#### Assigned task
Repeat only part of the entries. Start at the line that has "Indoor Ropes Course" and keep going through the last line, exactly as given.

=-=-=

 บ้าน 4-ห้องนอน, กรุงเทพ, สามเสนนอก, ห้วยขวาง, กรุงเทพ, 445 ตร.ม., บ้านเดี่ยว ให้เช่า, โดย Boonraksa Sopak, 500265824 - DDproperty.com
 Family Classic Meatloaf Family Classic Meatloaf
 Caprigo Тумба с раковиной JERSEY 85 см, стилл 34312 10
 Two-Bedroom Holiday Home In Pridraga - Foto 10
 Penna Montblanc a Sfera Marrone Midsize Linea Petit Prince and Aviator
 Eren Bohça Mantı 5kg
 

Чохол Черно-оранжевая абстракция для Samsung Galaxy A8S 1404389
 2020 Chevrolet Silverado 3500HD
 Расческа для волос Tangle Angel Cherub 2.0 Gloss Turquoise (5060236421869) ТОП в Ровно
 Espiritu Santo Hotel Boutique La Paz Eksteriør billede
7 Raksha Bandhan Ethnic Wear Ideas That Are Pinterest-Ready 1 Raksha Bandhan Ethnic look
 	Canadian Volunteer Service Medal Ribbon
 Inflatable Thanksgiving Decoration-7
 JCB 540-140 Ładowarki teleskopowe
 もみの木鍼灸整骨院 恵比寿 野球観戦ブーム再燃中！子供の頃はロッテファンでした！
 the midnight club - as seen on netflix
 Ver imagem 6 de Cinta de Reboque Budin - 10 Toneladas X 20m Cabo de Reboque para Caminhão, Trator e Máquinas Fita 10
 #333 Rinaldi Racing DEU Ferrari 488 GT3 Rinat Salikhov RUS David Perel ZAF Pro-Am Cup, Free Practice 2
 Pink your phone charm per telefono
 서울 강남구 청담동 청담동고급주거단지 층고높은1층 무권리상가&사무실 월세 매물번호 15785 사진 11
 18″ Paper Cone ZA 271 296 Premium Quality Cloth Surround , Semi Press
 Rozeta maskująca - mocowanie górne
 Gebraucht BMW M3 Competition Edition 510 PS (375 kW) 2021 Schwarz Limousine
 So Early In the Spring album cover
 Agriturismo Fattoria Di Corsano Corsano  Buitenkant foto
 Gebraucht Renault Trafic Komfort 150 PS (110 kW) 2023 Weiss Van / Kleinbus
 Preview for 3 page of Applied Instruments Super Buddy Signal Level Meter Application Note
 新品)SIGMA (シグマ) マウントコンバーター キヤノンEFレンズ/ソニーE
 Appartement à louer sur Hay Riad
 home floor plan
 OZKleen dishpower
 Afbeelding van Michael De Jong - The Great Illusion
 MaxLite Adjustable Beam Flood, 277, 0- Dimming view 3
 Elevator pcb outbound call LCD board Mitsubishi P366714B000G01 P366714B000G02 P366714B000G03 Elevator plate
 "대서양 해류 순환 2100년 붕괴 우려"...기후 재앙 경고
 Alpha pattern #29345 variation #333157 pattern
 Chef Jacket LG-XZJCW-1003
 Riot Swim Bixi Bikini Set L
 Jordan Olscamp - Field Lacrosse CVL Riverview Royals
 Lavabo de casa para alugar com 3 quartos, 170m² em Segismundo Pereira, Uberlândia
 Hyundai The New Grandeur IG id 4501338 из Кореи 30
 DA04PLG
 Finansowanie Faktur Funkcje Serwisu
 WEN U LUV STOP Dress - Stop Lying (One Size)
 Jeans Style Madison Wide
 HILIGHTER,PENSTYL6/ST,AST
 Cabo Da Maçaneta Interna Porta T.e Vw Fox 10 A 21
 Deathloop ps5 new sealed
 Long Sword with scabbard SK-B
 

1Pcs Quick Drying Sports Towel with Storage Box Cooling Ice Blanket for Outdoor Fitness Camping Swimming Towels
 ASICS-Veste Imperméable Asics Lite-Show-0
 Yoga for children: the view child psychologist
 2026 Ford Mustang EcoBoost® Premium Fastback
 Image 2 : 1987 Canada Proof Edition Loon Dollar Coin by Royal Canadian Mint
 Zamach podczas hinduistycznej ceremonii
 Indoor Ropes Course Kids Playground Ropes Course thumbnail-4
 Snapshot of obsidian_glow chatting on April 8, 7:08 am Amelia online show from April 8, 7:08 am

=-=-=

#### Exercise output
 Indoor Ropes Course Kids Playground Ropes Course thumbnail-4
 Snapshot of obsidian_glow chatting on April 8, 7:08 am Amelia online show from April 8, 7:08 am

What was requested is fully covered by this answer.